▸ **Extracted material**
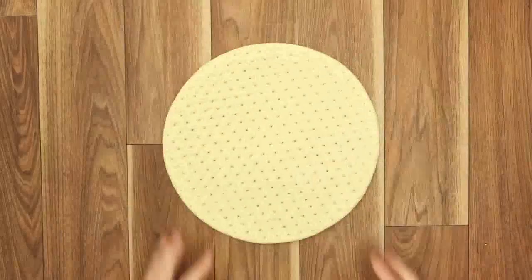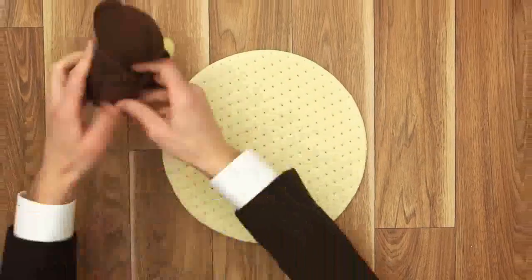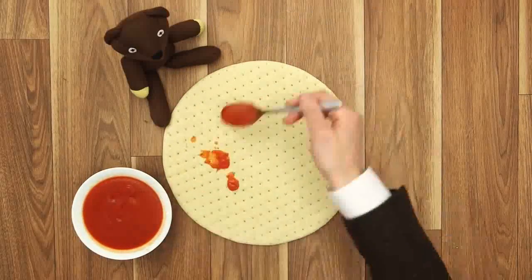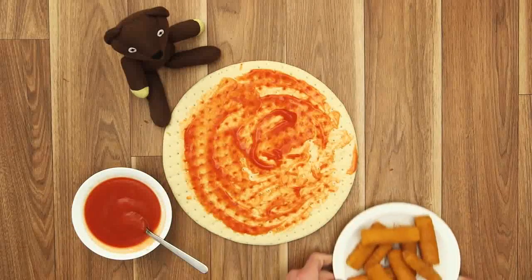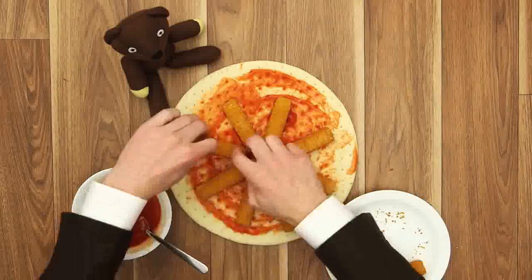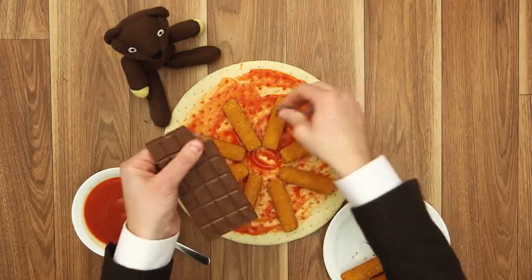Action! A little sprinkling of that. A little sprinkling of this. There we go. And now for the best bit.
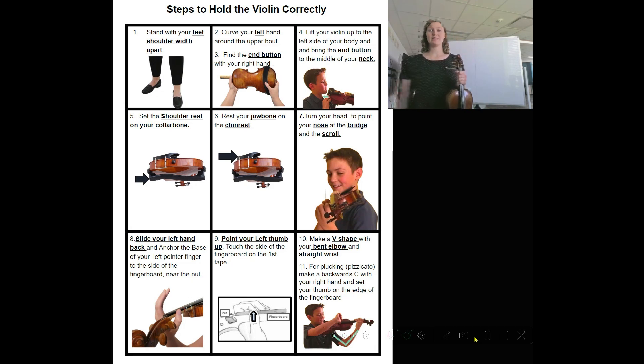The first step to holding your violin is to make sure your feet are shoulder-width apart. Put your left foot forward just a little bit. Make sure your spine is very straight.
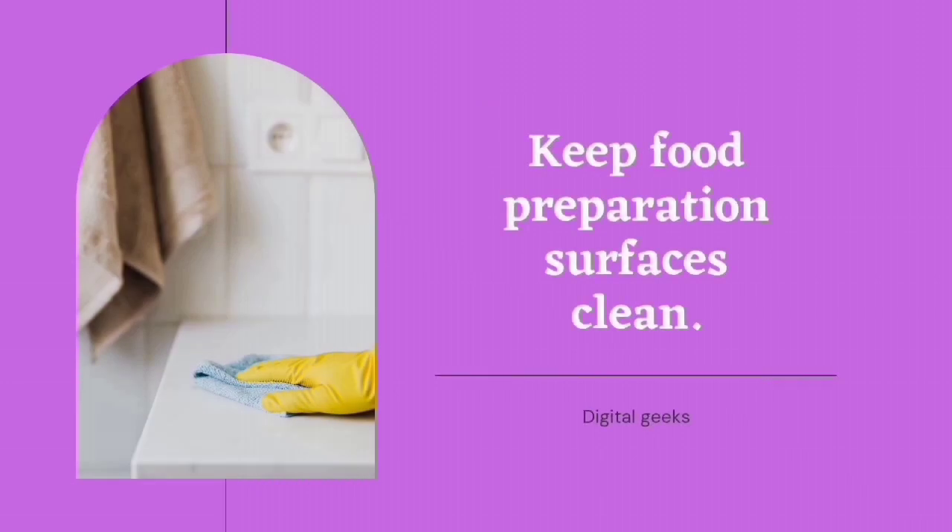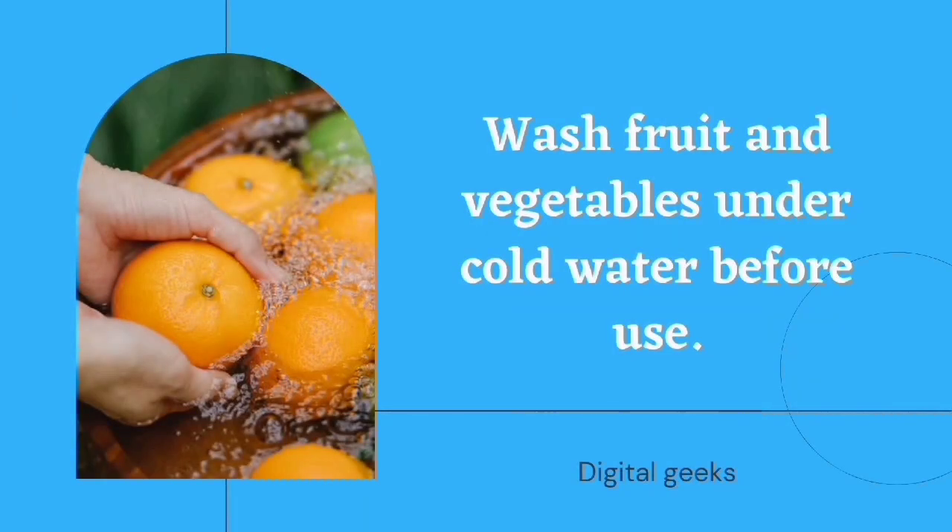Keep food preparation surfaces clean. Wash fruit and vegetables under cold water before use.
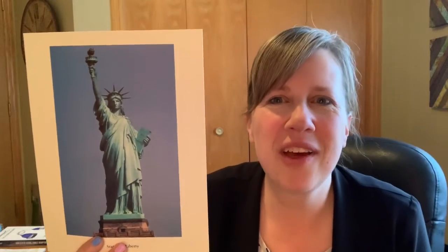All right, here we go. The New Colossus by Emma Lazarus. Not like the brazen giant of Greek fame with conquering limbs astride from land to land. Here at our sea-washed sunset gates shall stand a mighty woman with a torch whose flame is the imprisoned lightning, and her name Mother of Exiles. From her beacon hand glows worldwide welcome. Her mild eyes command the air-bridged harbor that Twin Cities frame. Keep, ancient lands, your storied pomp, cries she with silent lips.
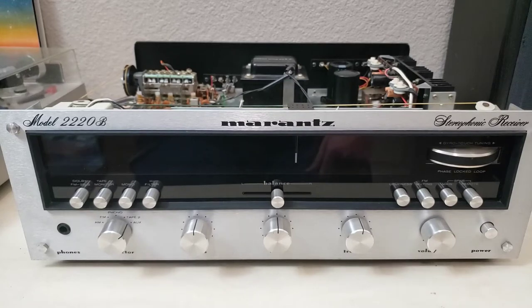Hey folks, today we're looking at a Marantz 2220B and this one is on the bench because its tuner does not tune.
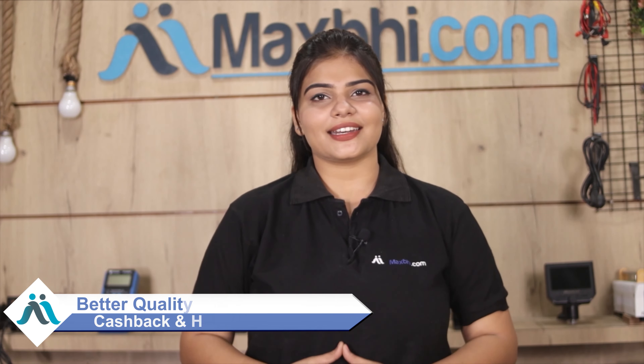MaxP.com has been delivering to thousands of happy customers over the past 6 years and this is increasing daily. So don't wait — order now and get special cashback and heavy discounts to get better quality parts for your phone.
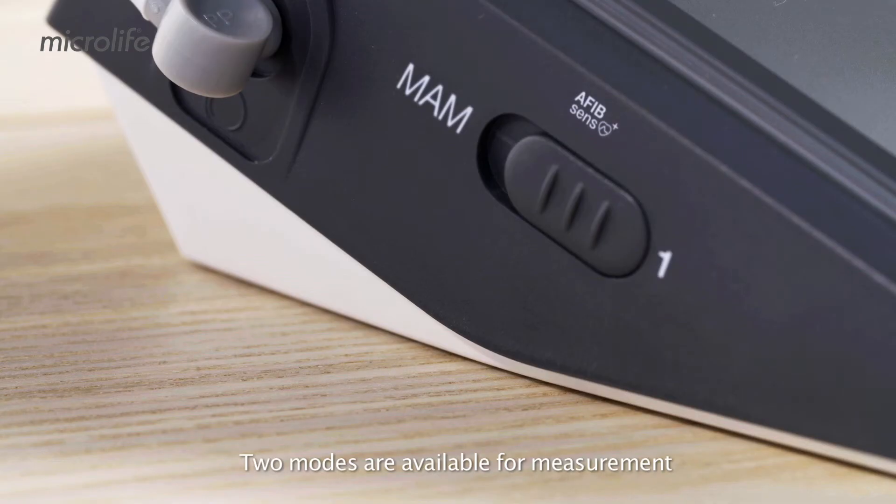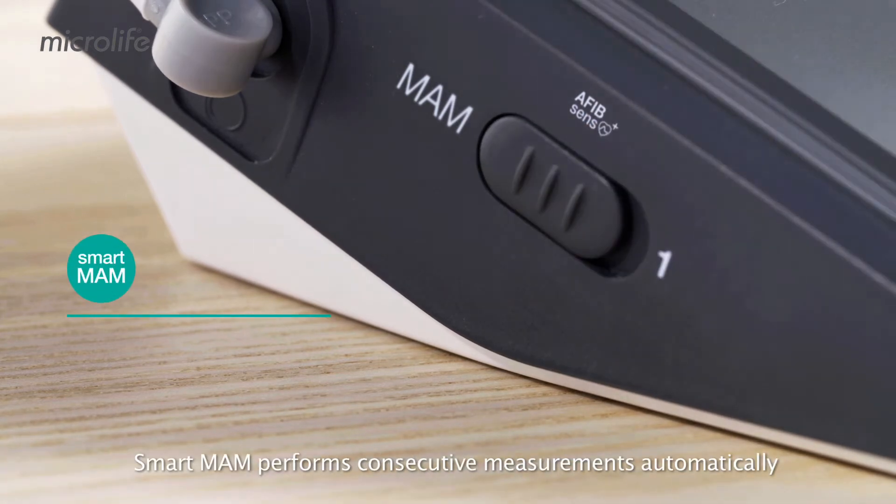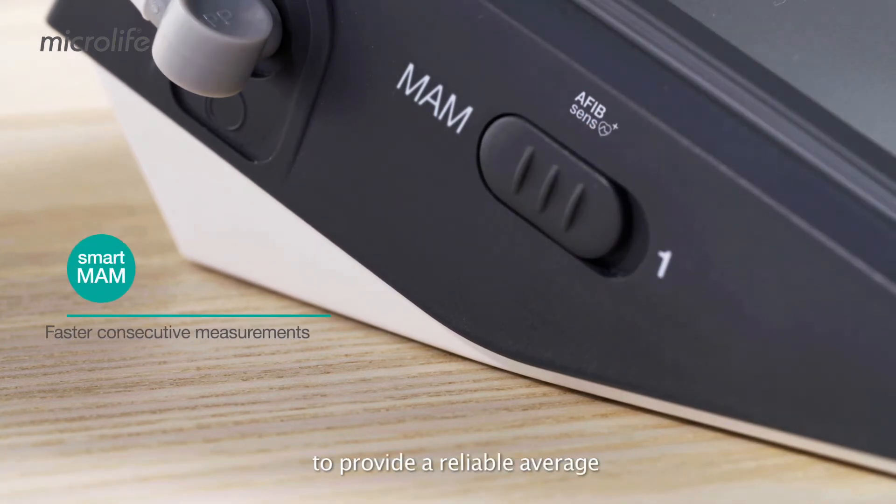Two modes are available for measurement: Standard and SmartMom. SmartMom performs consecutive measurements automatically to provide a reliable average.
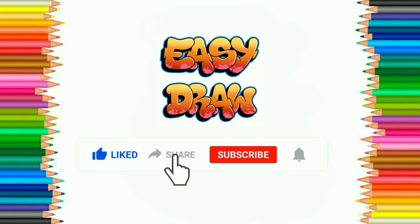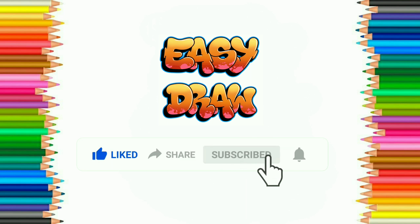EasyDraw YouTube channel helps you to get a notification of our next videos. Thank you!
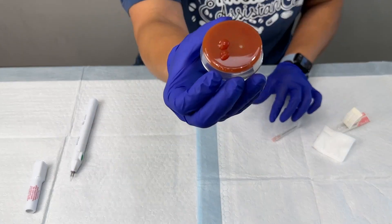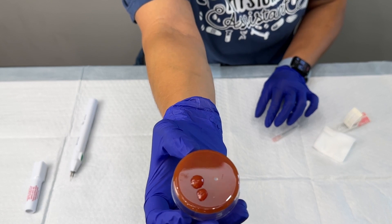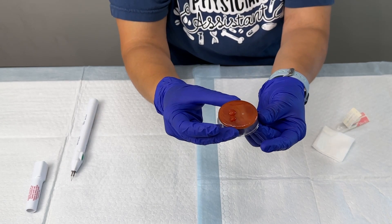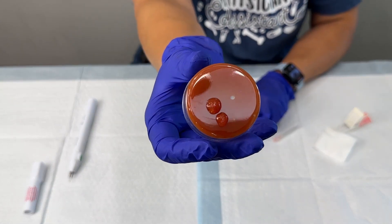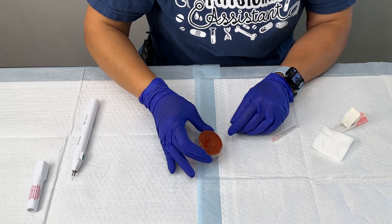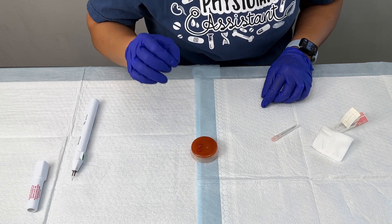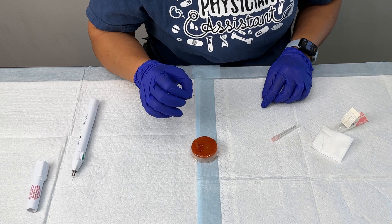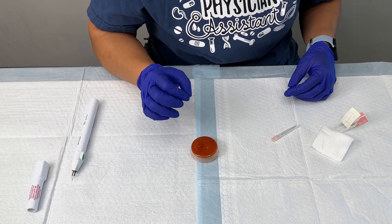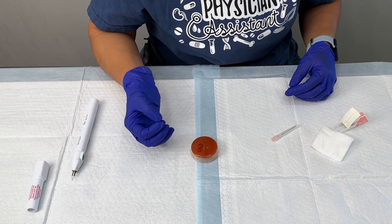Here are the two nail trepanations that I did — one with the 18 gauge and one with the cautery pen. With these practice models, you can practice several times getting the effect you desire to get that blood out from under the nail. That's it for this procedure, it's really simple. A nice demo and replication of a nail trepanation so you can practice at home. Of course it's not exactly like the real thing, but once you've practiced this a few times and worked on your technique, when you get in to do a real one with your patient, you'll be a lot more confident.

▸ **Your task**
Starting from the line that has "Two modes are" and ending at the last line of the material above, every line should be output exactly; pictures are dropped and nothing else appears.

▸ **Expected output**
Two modes are available for measurement: Standard and SmartMom. SmartMom performs consecutive measurements automatically to provide a reliable average.
EasyDraw YouTube channel helps you to get a notification of our next videos. Thank you!
Here are the two nail trepanations that I did — one with the 18 gauge and one with the cautery pen. With these practice models, you can practice several times getting the effect you desire to get that blood out from under the nail. That's it for this procedure, it's really simple. A nice demo and replication of a nail trepanation so you can practice at home. Of course it's not exactly like the real thing, but once you've practiced this a few times and worked on your technique, when you get in to do a real one with your patient, you'll be a lot more confident.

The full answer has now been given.